Here are three pics of the first coat thing I made for my Nola. It's fleece and it wasn't hemed so it's not perfect. I added two iron on flowers to the front for extra pazaz. It's rough around the edges but it serves it's purpose, to look cute and to keep her warm.


----------



## Alisha (Mar 11, 2005)

Aww I love it Nola is so pretty looks like my Poco with short hair he looks scared alot too. I think you did great with the pattern.Here's Poco see the same scared look :lol:


----------



## Lorisbabychi (Apr 3, 2005)

I think I have that same fleece . does it have little black scottie dogs at the bottom? I have it to make a blanket for my mom's chi. 

It looks great as a coat though!! :wink:


----------



## chihuahua_kisses (Nov 8, 2005)

*laughing* Nola usually doesn't look scared when I take her picture. She's actually very photogenic. It's just that I placed her on the couch and was trying to make her sit so I could get a good picture. She's like "Mommy, what are you doing!?!?!"

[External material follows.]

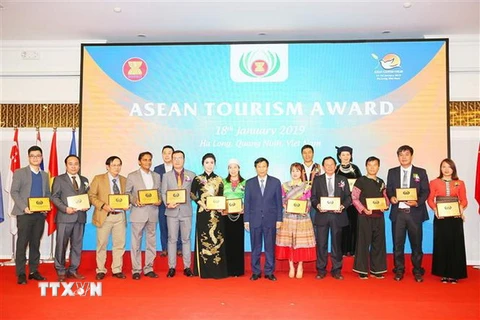 Bộ trưởng Văn hóa, Thể thao và Du lịch Việt Nam Nguyễn Ngọc Thiện chụp ảnh chung với các đại biểu dự Diễn đàn Du lịch ASEAN 2019. (Ảnh: Trung Nguyên/TTXVN)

Yes, that's the same exact fabric I got for her coat. I'm thinking of making a pillow out of the rest of it. I'm not sure yet though.


----------



## Mia (Feb 29, 2004)

wow thats really quiet funky! love it
mia
x


----------



## Jessica (Jul 11, 2004)

It looks great, very stylish!


----------



## cowgal1976 (Sep 28, 2005)

I love it! It is wonderful. I'm inspired to start sewing!


----------



## Crazy_Chihuahuas (Nov 5, 2005)

*OH*

Oh darling I love that coat! You cleaver lady! I wish I had the talent and patience - but I don't! WELL DONE U!!!!!!!!!!!!!!! :lol:


----------



## goldie (Jun 22, 2005)

that looks great! I love the flower 'frog' on the front!


----------



## Tacha_Jaimin (Nov 18, 2005)

Wow! That looks great! :shock: 
I wish I could make something like that myself


----------



## Roie (Jul 19, 2005)

wow i love that fabric very cute!!


----------